I got back to the house about twenty minutes before Dad and Mom would be getting up and I had an exaggerated sense of well-being that called for some John Philip Sousa. Again–it was one of those things that just needed doing.
I went to the piano and shuffled through the sheet music to find the one I had been working on and, without notice,  shattered the silence with a grand rendition.
You realize, I’m sure, that one does not play Sousa at 5:30 a.m. in the old farm house with hesitancy or a sense of experimentation.
You do not work your way into it. Rendering an unannounced Sousa march on the piano at 5:30 in the morning when the farmer and his wife are still quietly in bed really had never been done in our house, but I just knew there was no looking back once the first chord was struck.


All Sousa marches have that framing of the thing in the opening bars before they launch into what, in band music, was designated as the trio (if it were vocal music, it would be called the chorus).  The trio is always the most fun to play, whether on clarinet or piano.

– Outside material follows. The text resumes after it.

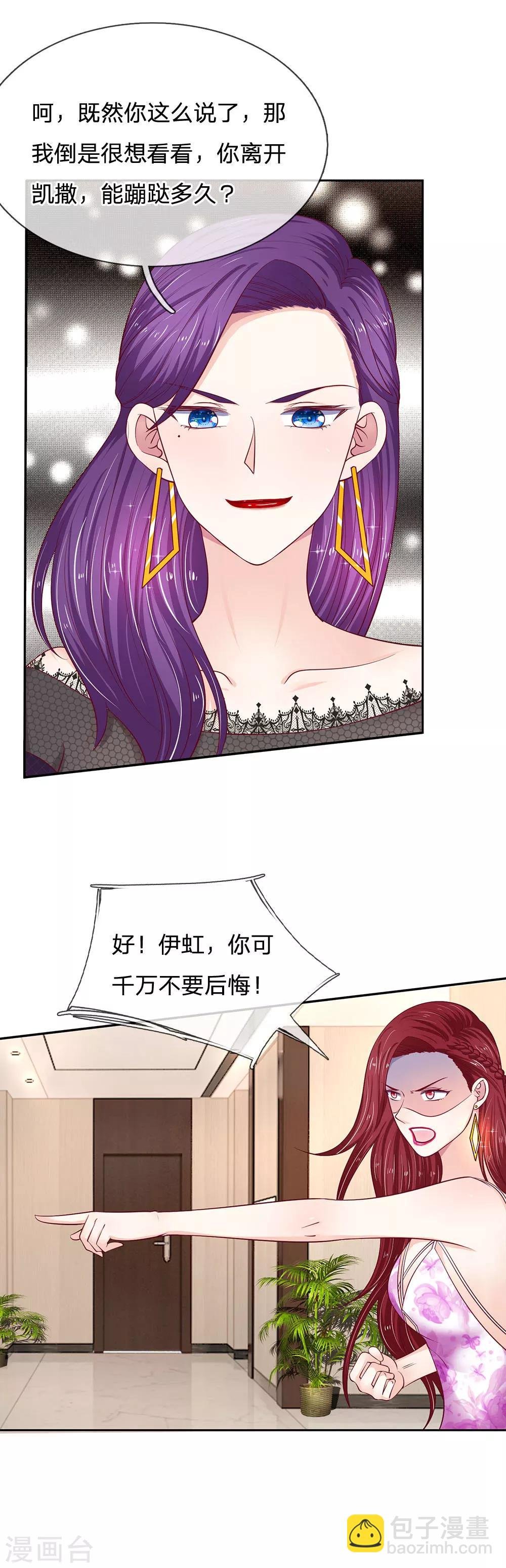 第24话 你怎么赚钱？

So, in full commitment mode by the time I got to the trio and past the shock of actually doing this to my parents, I made the most of it.
I wrapped it up with a flourish (which is also necessary when you play Sousa unannounced at 5:30 in the morning — finish with flourish and confidence) and then, having no other numbers clamoring to be played I went upstairs and went back to bed because it was still quite early.
Mom told me later how they had laughed and enjoyed the presentation. But I don’t recall being encouraged to do it again.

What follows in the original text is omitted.